Does Big Data Drive Your Retail Execution?

Insights BlogDataMobile
Eric Green
By Eric Green
Apr 28 2014

The overwhelming complexity of the Internet has created a new impetus for consumers to take control of their experience, as well as given them the resources to do so. Now that companies and customers are on equal footing, marketers are seeking a more collaborative style of engagement. New retail analytics platforms, and particularly those that manage and process big data, offer the means to do that successfully.

The Problem of Distraction

The verdict is in: our attention spans are shrinking.

All across the Internet, experts agree that people are steadily losing their ability to concentrate for any length of time. There are just too many interesting things in the world, and not enough time to consume them all.

People often write disparagingly about this trend, as if our dwindling attention span were a moral failure. But ignoring things is an important skill. The Internet is a deluge of information: imagine if we didn’t filter. We’d drown!

Empowering the Consumer

The issue of attention is crucial for manufacturers, who must work harder than ever to get their products noticed.

It can get messy. All the “One Simple Trick” ads and semi-obscene pop-ups show what happens when the competition for attention gets out of control.

Attention is a precious resource. People are smart to limit their focus. In the online world, it’s a skill to turn our attention on and off.
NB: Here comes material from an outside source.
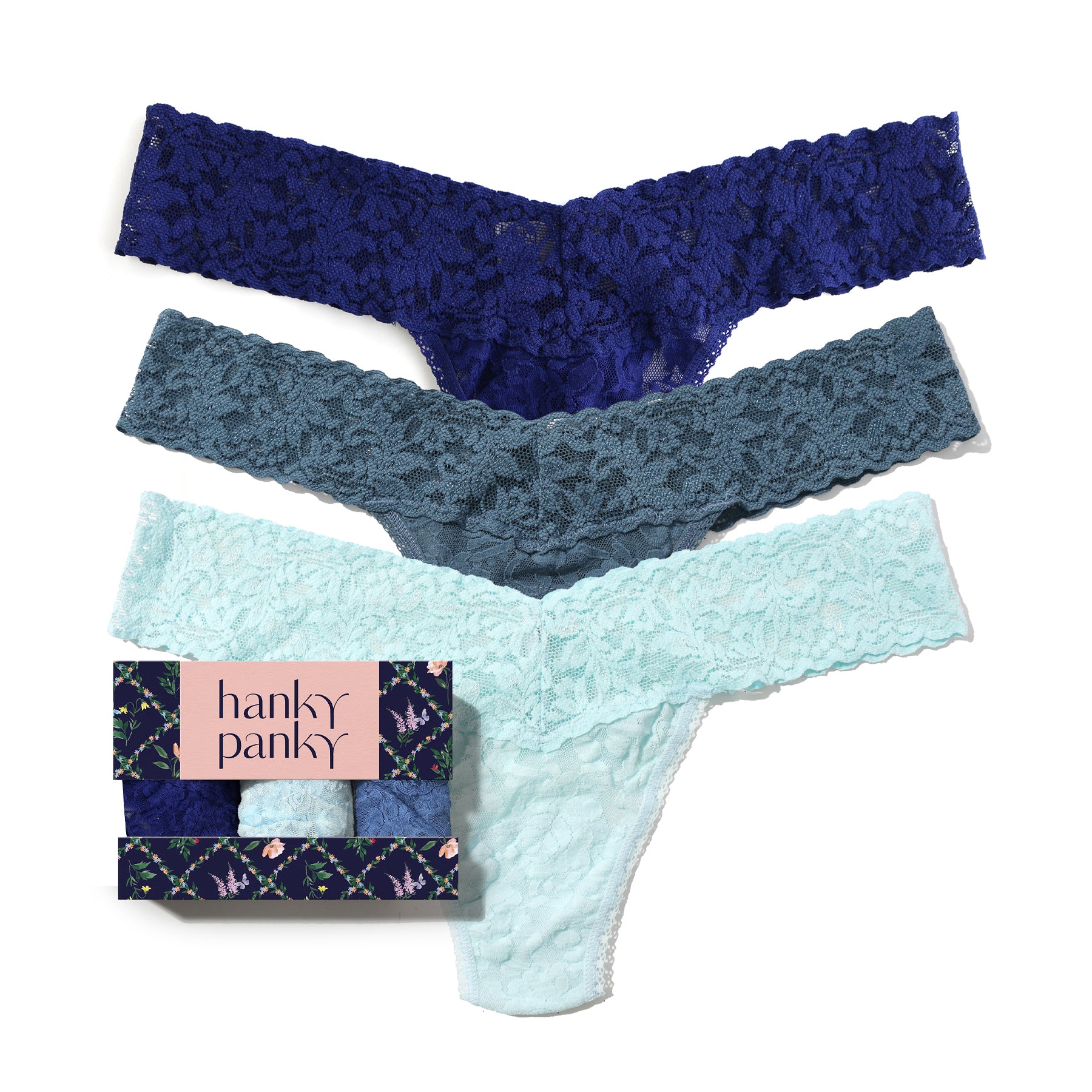 Three pairs of lace thongs in blue, gray, and light blue with a 'hanky panky' packaging box.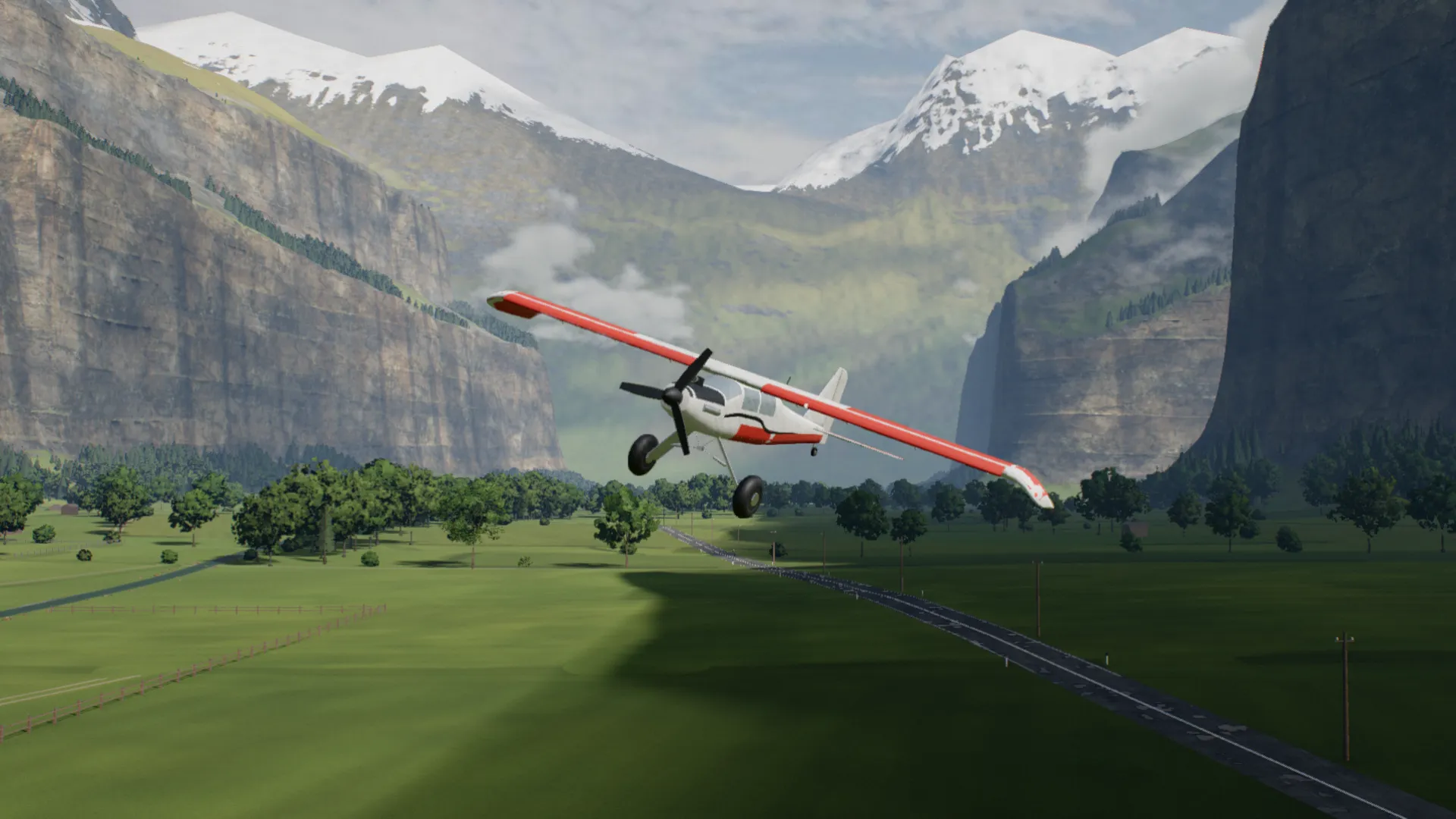 A red and white RC trainer banking toward the camera low over the valley floor, snowy peaks behind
The cacophony of the Internet — so full of the genius and nonsense — is just making us better and better at flicking that switch.

This shift represents an incredible sea change in the relationship between customers and companies. More than ever, consumers are controlling what they experience and managing what they see.

The opportunity exists for retailers and vendors to leverage that sense of empowerment by collaborating with shoppers on their purchasing decisions. They do that by making the Internet an easier place for meaningful engagement.

The Path to Purchase

Before the Internet, there were fewer media hubs, and the path that shoppers followed to making a purchase was easier to map. Most people discovered products through the same basic avenues, where advertisers could pay for placement.

The path to purchase is much, much more complicated now. A noticed “Like” on Facebook may lead to a Google search, or a décor idea on Pinterest might then lead to a retailer website. As business and marketing blogger Brian Vellume wrote:

“In a digitally networked world, the narrative is not as simple. In 2012, Google and Shopper Sciences did a study of the purchase journey of 3,000 different customers in tech, CPG, automotive, and finance, and literally found 3,000 different paths to purchase.”

To put it more simply: There are as many paths to purchase as there are people purchasing products.

What This Means for Vendors

The complexity of the path to purchase makes it increasingly difficult for vendors to understand (and influence) the performance of their lines across the sales cycle.

Shoppers are real people with busy lives and complex needs. And they spend much of their real lives online, carrying it in their pockets as they go about their days.

There are over 1.2 billion people accessing the web from their mobile devices, and 91% of that access is for social purposes.

Consumers are armed with information at their fingertips to drive purchasing behaviours in largely immeasurable ways. One of the most important ways that people exercise their power in the online space is through research.

– 68% of smartphone owners use it to research products.
– 80% of respondents said they used their mobile in-store to enhance their shopping experience.
– 82% of shoppers research before buying.

If there’s a cheaper option two blocks over, or online, the chances are pretty good that the shopper is going to find out about it and choose that option.

Instead of trying to hijack the Internet experience, vendors should seek to enrich and support a customer’s desire to be well-informed. Don’t try to script the buyer’s journey; instead, facilitate it.

A New Level of Collaboration

The partnership between brands and consumers is like any other partnership: it takes time and trust. Advertisers need to experiment and explore new ways of interacting with potential customers in the online realm, in order to find where they can find the best and most authentic opportunity for engagement.

Experimentation is risky. Our brilliant ideas don’t always work, and that means losing money. But thankfully, the Internet also creates the opportunity for companies to evaluate the significance of their efforts in real-time.

Every exchange and interaction online leaves an information trail, the basis of Big Data. A new generation of intelligence software is arming vendors and retailers alike with the power to analyze and interpret that data as it comes in.

Just as information-awareness is empowering the consumer, it also empowers companies. By using retail analytics, they can quickly recognize the effects of their marketing spend and respond flexibly to changes.

But recognizing those changes requires broad access to information. Data acquired at the retail level should be integrated with data acquired by vendors across platforms. The most rewarding shopper-marketing solutions demand comprehensive consumer data, which is only available through extensive collaboration between retailers and manufacturers.

Big Data may sound abstract and detached, but it’s actually the basis of a vital, organic relationship between vendors, retailers and consumers.

Your Turn

How is your company helping customers find the information they need? What are you doing to make the path to purchase easier, clearer, and safer? How do you think an empowered consumer will benefit your company?